====== Data ======

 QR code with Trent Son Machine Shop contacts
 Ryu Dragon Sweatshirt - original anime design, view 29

======
====== Data ======

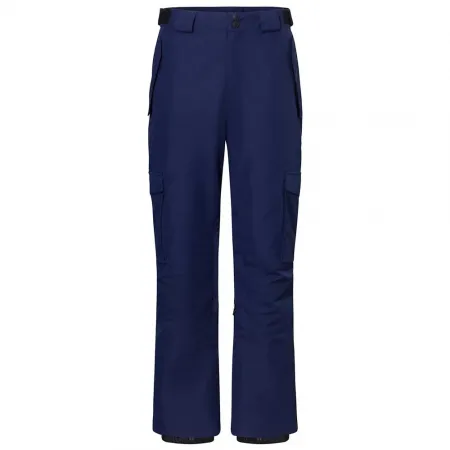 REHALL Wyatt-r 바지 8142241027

======
====== Data ======

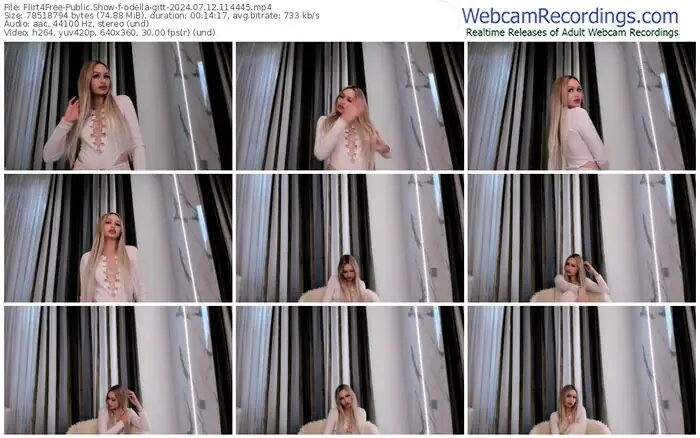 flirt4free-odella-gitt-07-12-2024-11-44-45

======

[Activity]
Print exactly the lines above from the one with "QR code with Trent Son Machine Shop contacts" to the one with "Ryu Dragon Sweatshirt", including both.

[Your response]
 QR code with Trent Son Machine Shop contacts
 Ryu Dragon Sweatshirt - original anime design, view 29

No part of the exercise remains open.